Ontem eu estava lá, no coração dos acontecimentos. Fui assim, despretensiosa, só pra ver o que ia
acontecer. No caminho, uma imagem curiosa: meninos engraxavam os sapatos dos
policiais. Afinal de contas, pensei, um uniforme bem alinhado e armas
imponentes pedem sapatos bem lustrosos.
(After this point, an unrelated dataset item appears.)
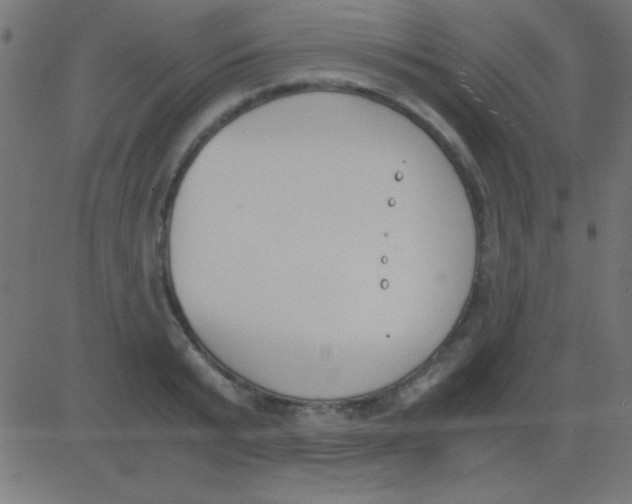X0000081270799200702012152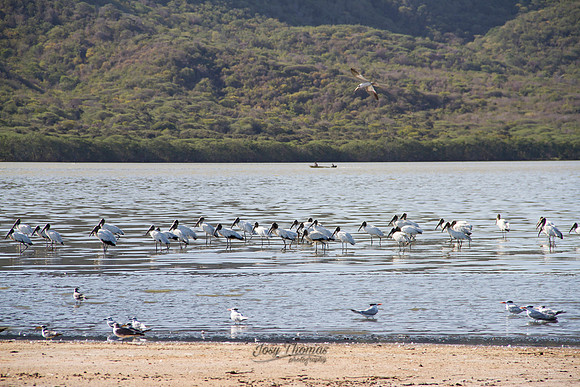 Laguna de Unare, Boca de Uchire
Vai que aparece na Globo?
Quando cheguei na manifestação, me senti meio deslocada, sem conseguir
acompanhar os tantos gritos de guerra e me sentindo um pouco velha pra galera
que lá estava. Mas estava gostando do clima alegre, e poder mandar em alto e
bom som o nosso queridinho ir tomar no cu foi o clímax da noite. Nos prédios,
projeções sarcásticas sobre o Cabral. Nos postes, caricaturas do governador. No
chão, cartazes bem fundamentados sobre muitos fatos esdrúxulos da nossa cidade.
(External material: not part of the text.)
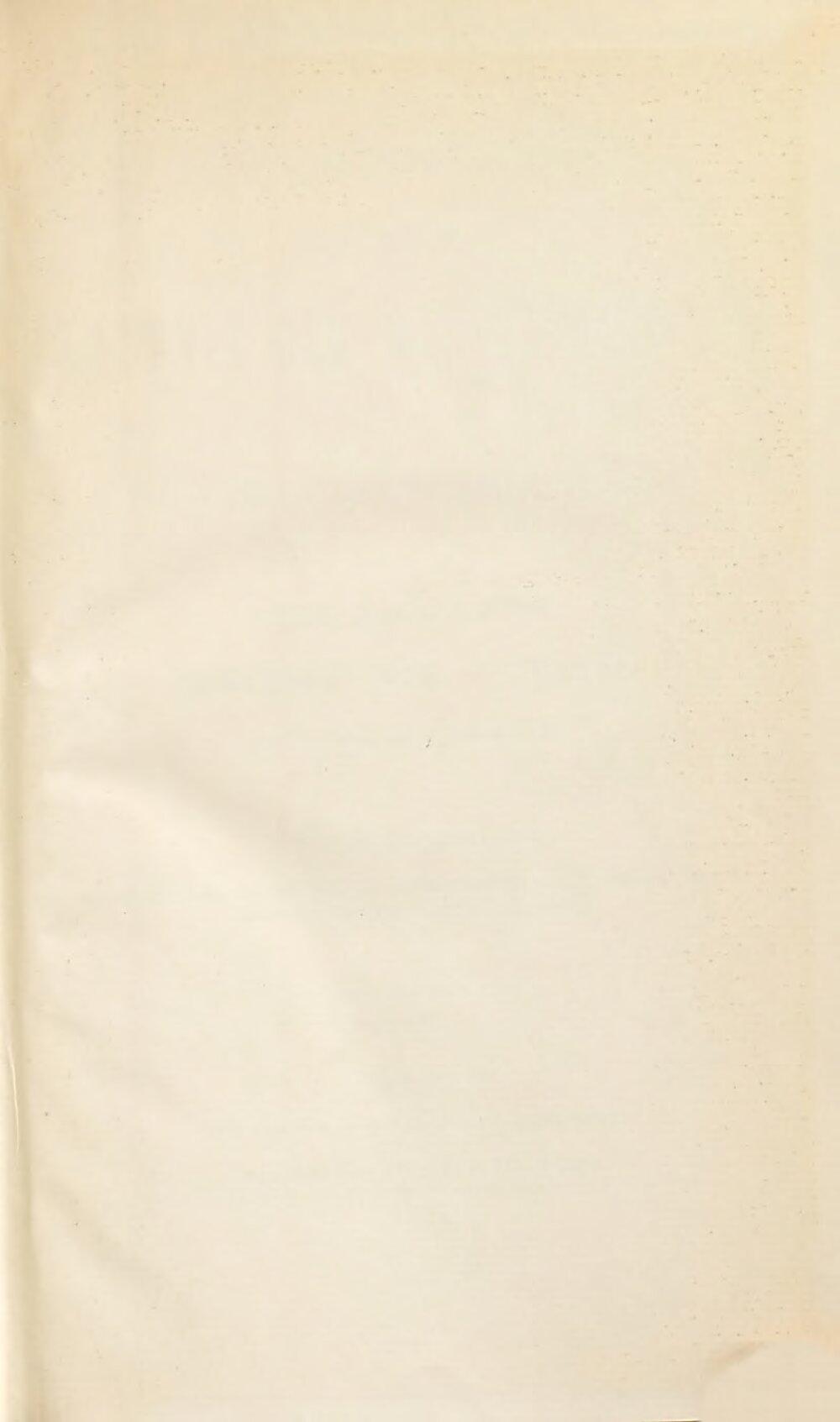 Image 00003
A galera sabia o que estava fazendo; tudo estava articulado.
Ao comando de “dá uma volta”, demos a volta no quarteirão. Moradores dos
prédios nos apoiavam; afinal, nem todos por ali são “madames do Leblon”, como
se gosta tanto de dizer, num certo preconceito às avessas. Mas, nessa volta,
comecei a sentir uma mudança no clima, espécie de ventania a anunciar a tempestade que vem vindo. Do nada, muitos meninos apareceram, todos
encapuzados. Quando digo meninos, não é por acaso: pelos olhos podia-se ver
claramente que muitos deles não tinham sequer dezoito anos. Eram meninos de classe
média, assim, que nem a gente mesmo. Atônitos, eles olhavam para os lados, como
se esperassem o momento certo de agir, completamente alheios aos gritos de
guerra da “galera careta”. “Isso vai dar merda”, pensei.
Terminada a volta no quarteirão, houve uma boa dispersão e eu aproveitei
para me retirar também. Afinal, não havia mais nada a ser feito. Fui comer uma
pizza por perto, sempre ao som dos helicópteros, e depois fui pra casa.
Ao chegar, qual não foi minha surpresa ao constatar a Ataulfo de Paiva,
a apenas um quarteirão da minha casa, sendo tomada pelo fogo! Tive que pôr o
som da TV no máximo, pois o barulho dos helicópteros do lado de fora era
ensurdecedor.
Fiquei ali, olhando as imagens e sem saber o que pensar. Não queria
repetir o eco da maioria, efeitos da mídia alienante. Eu repetia para mim
mesma: “não, não são vândalos. Não, eles não estão estragando as manifestações.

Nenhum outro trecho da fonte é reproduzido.